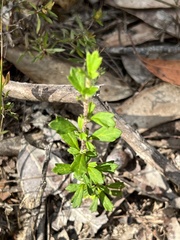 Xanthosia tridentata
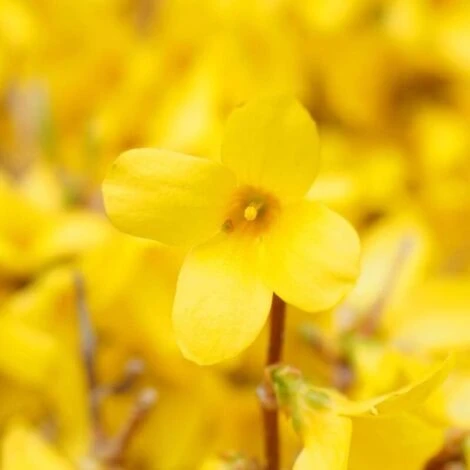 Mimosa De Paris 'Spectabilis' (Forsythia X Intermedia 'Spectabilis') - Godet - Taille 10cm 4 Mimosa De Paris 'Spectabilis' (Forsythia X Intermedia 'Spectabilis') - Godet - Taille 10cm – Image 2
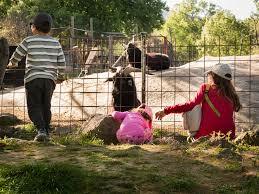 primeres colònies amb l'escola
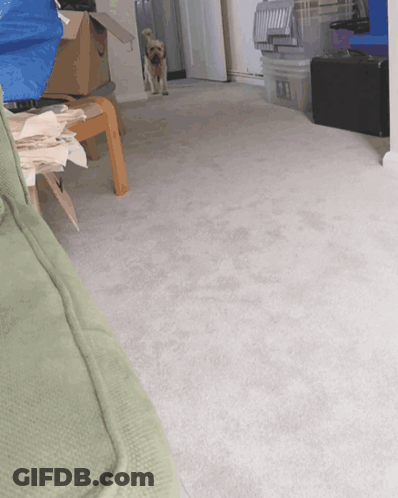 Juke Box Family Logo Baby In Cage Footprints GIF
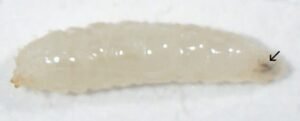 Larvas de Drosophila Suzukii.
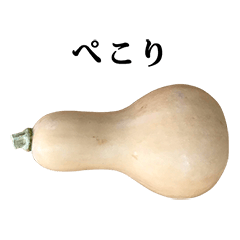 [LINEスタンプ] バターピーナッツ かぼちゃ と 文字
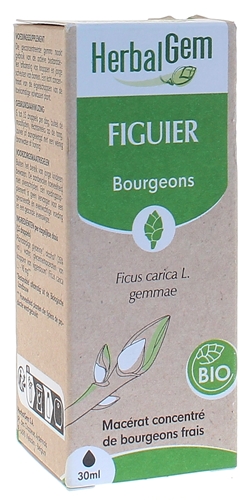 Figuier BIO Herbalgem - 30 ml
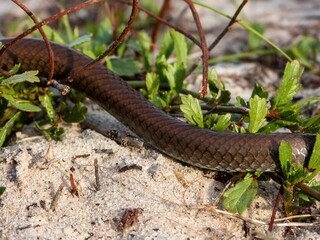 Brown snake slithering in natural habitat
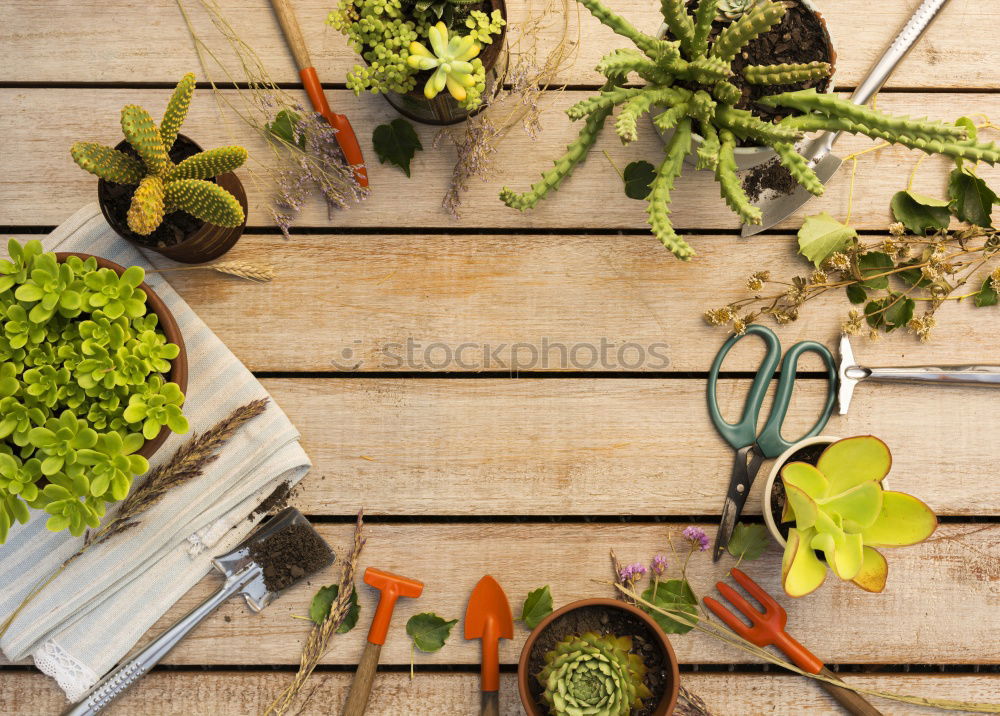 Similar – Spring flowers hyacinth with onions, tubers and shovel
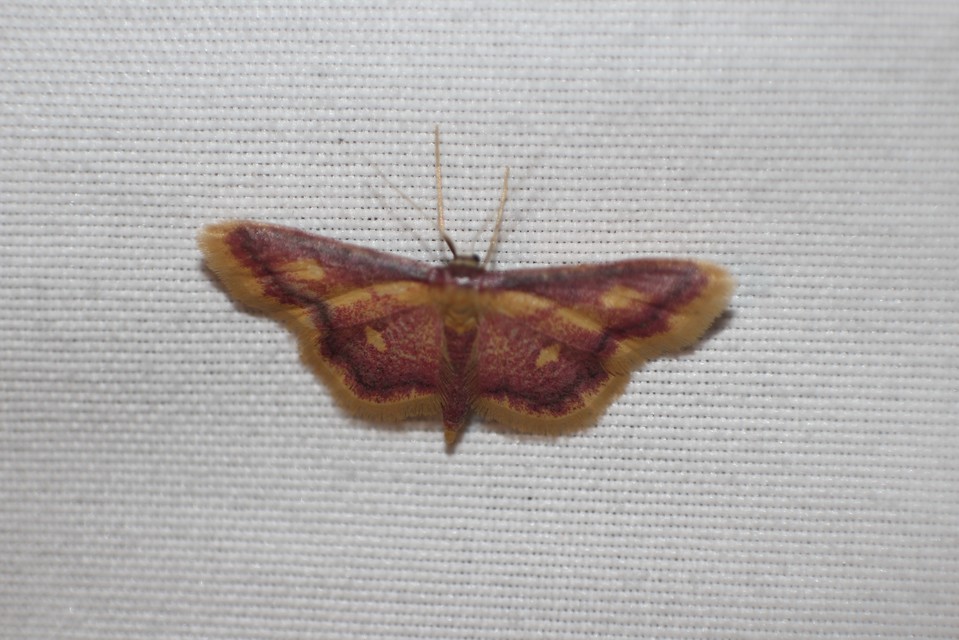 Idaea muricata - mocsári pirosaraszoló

What to work on | Exact text is required for the lines from the one with "Similar – Spring" through the last line of the entries, both included. Omit pictures.

Solution to the exercise |
 Similar – Spring flowers hyacinth with onions, tubers and shovel
 Idaea muricata - mocsári pirosaraszoló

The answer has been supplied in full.